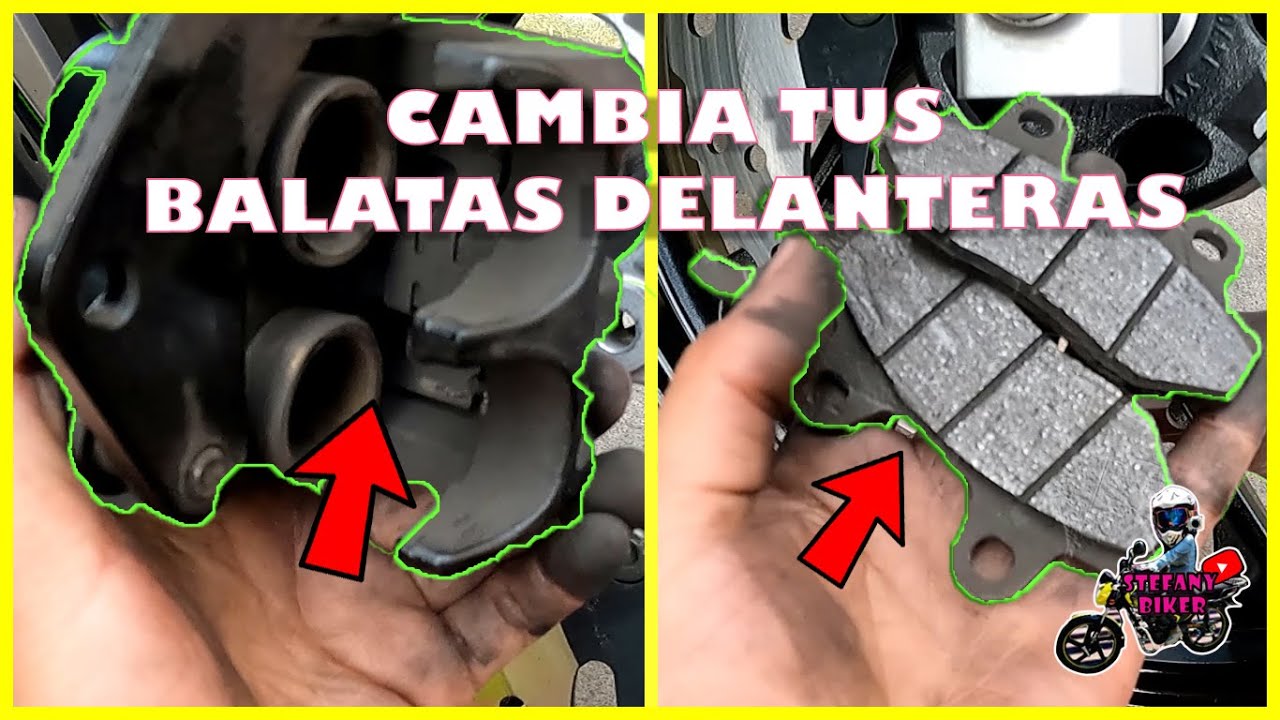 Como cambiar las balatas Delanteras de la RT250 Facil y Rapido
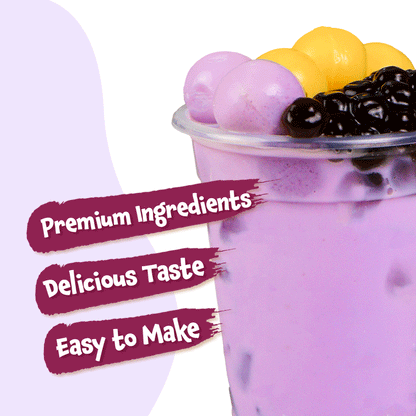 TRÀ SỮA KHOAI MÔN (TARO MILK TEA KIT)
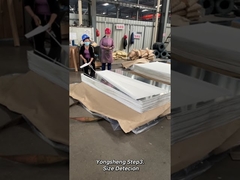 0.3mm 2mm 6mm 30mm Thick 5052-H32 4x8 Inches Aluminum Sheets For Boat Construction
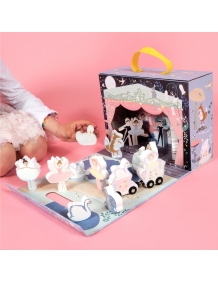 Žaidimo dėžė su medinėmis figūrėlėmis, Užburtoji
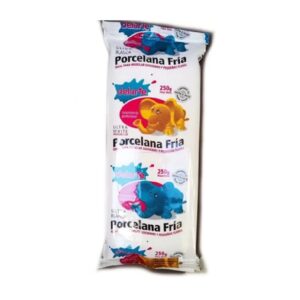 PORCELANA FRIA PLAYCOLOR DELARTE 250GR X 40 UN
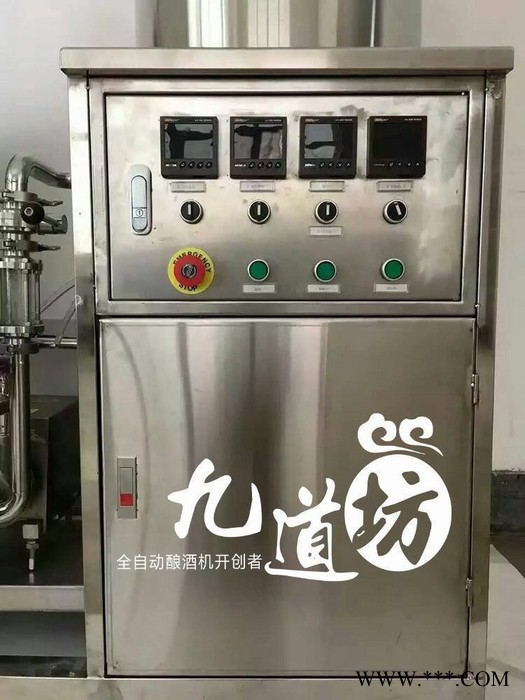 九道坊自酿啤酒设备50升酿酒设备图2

######

● THE PROBLEM
Set the listing down exactly, without its pictures.

● OUTPUT OF THE TASK
 Como cambiar las balatas Delanteras de la RT250 Facil y Rapido
 TRÀ SỮA KHOAI MÔN (TARO MILK TEA KIT)
 0.3mm 2mm 6mm 30mm Thick 5052-H32 4x8 Inches Aluminum Sheets For Boat Construction
 Žaidimo dėžė su medinėmis figūrėlėmis, Užburtoji
 PORCELANA FRIA PLAYCOLOR DELARTE 250GR X 40 UN
 九道坊自酿啤酒设备50升酿酒设备图2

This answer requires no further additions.